Adelphi’s annual Teaching and Learning Conference, held this year on January 30, explored the most fundamental questions facing the University. What should Adelphi be teaching its students, and what is the best way to help students learn?

For some answers to those questions, we talked with Steve Everett, D.M.A., who, as Adelphi’s provost and executive vice president, oversees academic issues at the University.

Dr. Everett, you arrived at Adelphi just last summer. What have you learned about the University since then?

I recognized early in my career that it is important for universities to identify their core values. When I came to Adelphi, I naturally set out to discover ours.
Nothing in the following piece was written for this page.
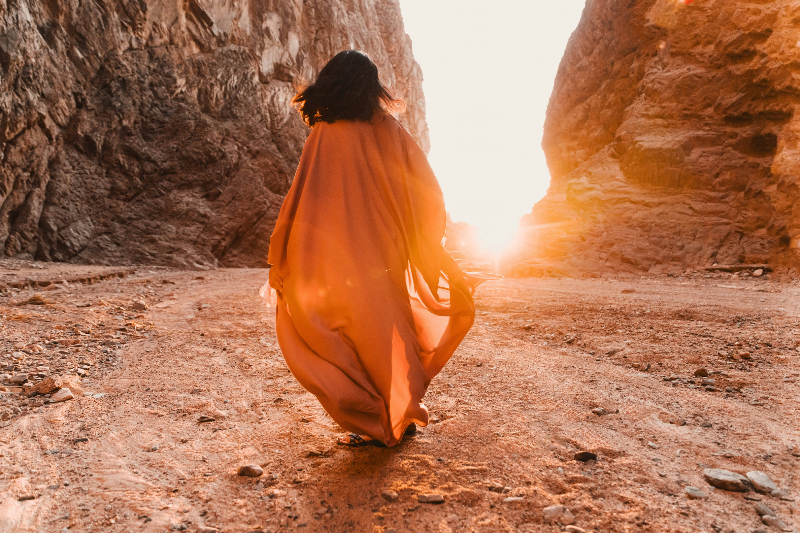 Woman walking toward sunlight between canyon walls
I kept running into faculty members who have been focusing on diversity and patterns of inclusion, studying ways to create equitable systems that ensure that every student is treated fairly and given the same learning opportunities. I must have gotten 50 emails telling me about different research projects in that area, so I became convinced that a commitment to diversity and equity is a core value of our community.

“Equity Beyond Access” was the topic of this year’s Teaching and Learning Conference. Why is equity such an important topic?

One reason is that our student body is becoming increasingly diverse. We have an obligation to provide equal opportunity and a welcoming environment for everyone on campus.

But there’s another reason. We are getting to a world of cultural difference, where all of society’s work requires us to engage with people from various cultures and with different cultural attitudes. We all need to learn to navigate difference and to develop a deep understanding and appreciation of individual and social differences.

If you have ever studied abroad, you realize what a powerful experience it is to find yourself in an environment where everything is different. It makes you aware that your reality is only one reality, which can lead you to value that difference.

Life on a diverse campus can replicate this experience in a way, giving students the chance to work with others from different backgrounds and cultures as well as those with different gender identities and learning styles. It is one of the most important lessons we’re giving our students—helping them learn to deal with difference. It is an ability that can help students sustain successful careers over a lifetime.

In your remarks at the conference, you also talked about two other essential qualities that Adelphi strives to develop in students. What are they?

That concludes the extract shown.